Pengertian Disiplin Positif
Lilik Subekti menyampaikan, disiplin menurut Kamus Besar Bahasa Indonesia (KBBI) adalah ketaatan (kepatuhan) kepada peraturan (tata tertib dan sebagainya). Ia mengatakan, mendisiplinkan berarti membuat berdisiplin, mengusahakan supaya menaati (mematuhi) tata tertib.
“Biasanya yang dilakukan Bapak/Ibu terhadap anak yang melanggar tata tertib atau kedisiplinan yaitu memarahi, membentak, menghukum, memberi sangsi,” ujarnya.
Menurut Jane Nelsen, lanjut Lilik, sejumlah riset menunjukkan hukuman dalam pendidikan bukan saja tidak berhasil mendisiplinkan siswa, tetapi juga menyisakan empat efek buruk yang disebut 4R.
Pertama, kebencian (resentment): “Ini nggak adil, saya benci ustadz!”. Kedua, pemberontakan (rebelion): “Saya akan melakukan yang sebaliknya, saya akan buktikan bahwa cara saya lebih benar daripada cara mereka!”.
Ketiga, balas dendam (revenge): “Ok, sekarang mereka menang, tapi lihat nanti pembalasanku!”. Keempat, reatreat (mundur), ada dua sikap, yaitu sembunyi-sembunyi: “Lain kali saya nggak akan ketahuan”; dan menghukum diri: “Saya memang nakal, saya memang nggak berguna!”.
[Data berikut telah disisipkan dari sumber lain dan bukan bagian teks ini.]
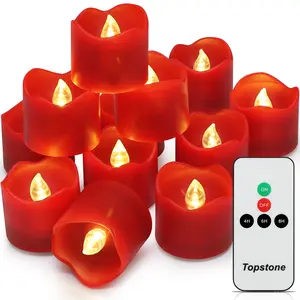 Topstone Remote Control Led Tealight,CR2450 Battery Powered Flameless Candle with Timer,Electric Fake Votive Candlelight  for Home, Christmas Decoration,Pack of 12 Christmas Decor Lamp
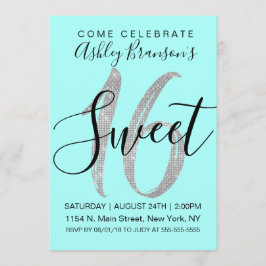 Eleganter Aquamariner Silver Sequin Glitzer Sweet  Einladung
Integrasi Disiplin Positif
Lilik juga menjelaskan cara mengintegrasikan disiplin positif dalam proses belajar di pesantren. “Jadikanlah proses mengajar dan membimbing santri di pesantren sebagai proses seni fasilitasi yang memampukan santri,” ujarnya.
Selain itu, lanjutnya, mengembangkan proses membangun kesepakatan bersama sebagai norma berperilaku di kelas, di kamar, di area pesantren, serta refleksi pelaksanaan kesepakatan itu secara berkala. Kembangkan metode kolaboratif dari pada kompetisi.
“Bisa juga mengembangkan media pertemuan kelas secara berkala untuk membangun pemikiran dan perilaku positif. Serta memberikan kesempatan pada santri mengambil tanggung jawab,” tambahnya.
Terkait langkah penerapan disiplin positif di pesantren, Lilik mengatakan pentingnya penguatan komitmen bersama/dialogkan bersama dengan warga pesantren tentang pengenalan disiplin positif (sosialisasi/ rembug pesantren).
“Review aturan atau tata tertib pesantren, kembangkan mekanisme partisipatif bila ada yang harus direvisi dari aturan/tata tertib pesantren,” ujarnya.
Selain itu, lanjutnya, penting juga mengembangkan mekanisme teknis berkaitan dengan penanganan santri berperilaku tidak tepat di pesantren dalam bentuk pendampingan dan konseling. “Efektifkan media kreativitas anak yang membangun pemikiran dan perilaku positif,” tegasnya.